Na een half uur arriveren we bij een hotel en worden door Sanne, een enthousiaste en aimabele econometrist van de Correspondent ontvangen met een drankje. De ervaring zojuist verteld op de wandeling, moet je nu uitschrijven op een A-4tje. Als iedereen dat heeft gedaan mogen we op audiëntie bij maestro Arnon Grunberg. Hij zit in een fauteuil in een moderne lichte kamer, met een bank en enkele stoelen in een kring. Achter Grunberg zitten twee vrouwen op een groot wit bed.

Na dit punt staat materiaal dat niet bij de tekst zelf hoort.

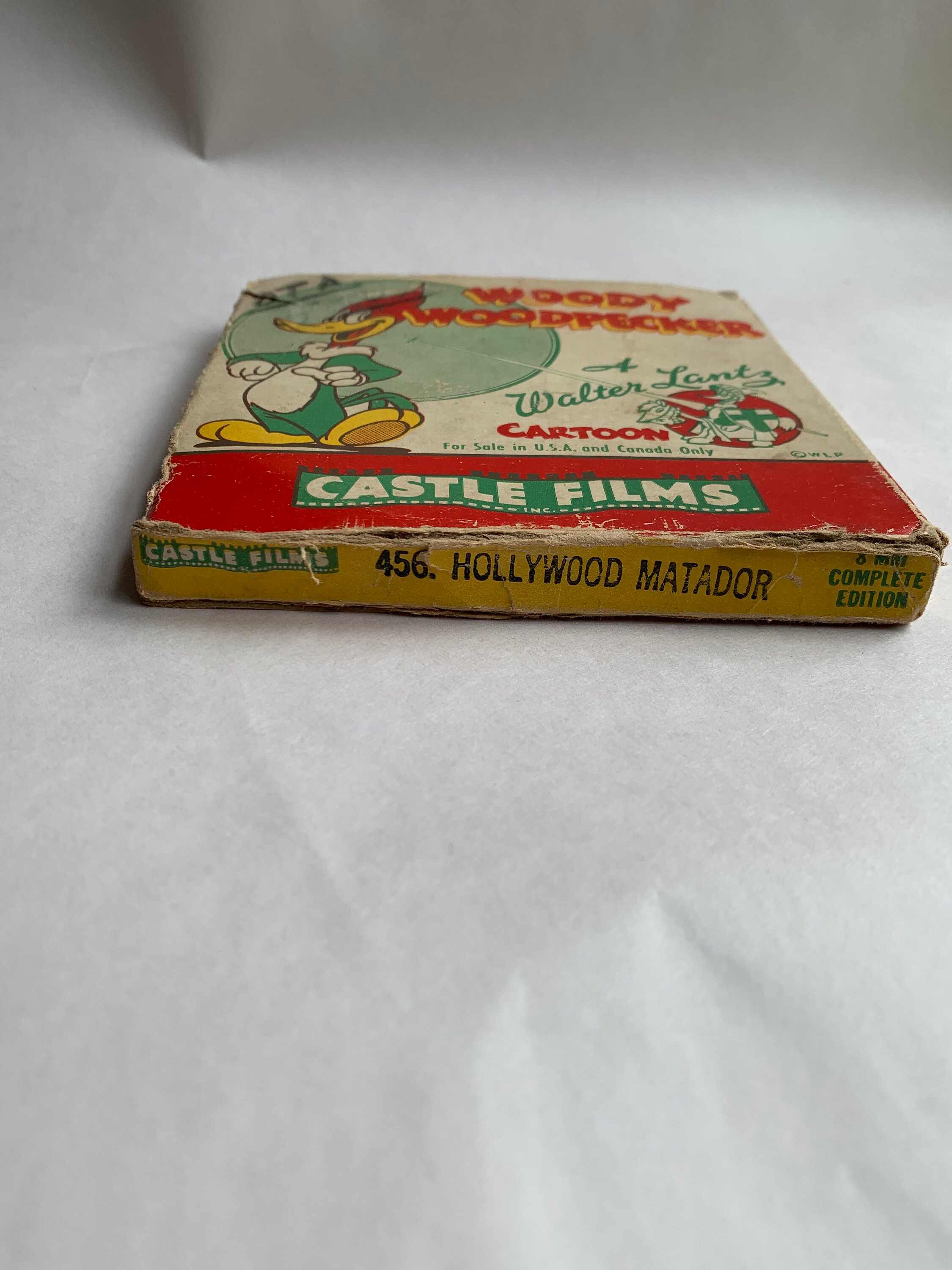 Vintage Woody Woodpecker Vintage Woody Woodpecker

Op de grond op een kleurrijk kleed worden onze koffers en rugzakken gezet met persoonlijke bagage. Iedereen leest zijn tekst voor, waarna Arnon je vriendelijk bedankt en opmerkt dat hij het bijzonder vindt dat de deelnemers zulke oprechte en vaak hoogst persoonlijke ervaringen met elkaar delen. Iedereen mag éen voorwerp uit zijn koffer pakken. Ik neem een klassenfoto, waarop mijn geliefde Margriet en ik bij elkaar in de vierde klas zitten van de lagere school in Rotterdam. Eén keer zag ik haar nog op een reünie bij haar thuis, decennia later zijn we herenigd en nu al zes jaar bij elkaar.
Frappant is dat de schrijver ieders naam vraagt en die bijna allemaal na éen keer weet te onthouden. Een teken van echte interesse of een fotografisch geheugen. Iedereen krijgt het nieuwe boek dat nog in de boekwinkel moet komen mee naar huis. Aan het einde vraagt Arnon Grunberg of er nog urgente vragen zijn.
Als we weer buiten staan, bedenk ik dat ik hem wel had willen vragen waar hij zichzelf het meeste thuis voelt. In zijn nieuwste boek heeft Grunberg het over ontheemding. ‘Het vermogen je overal thuis te voelen is begrensd.’ Misschien is het de kunst je in jezelf thuis te voelen, dan maakt het niet uit waar je bent.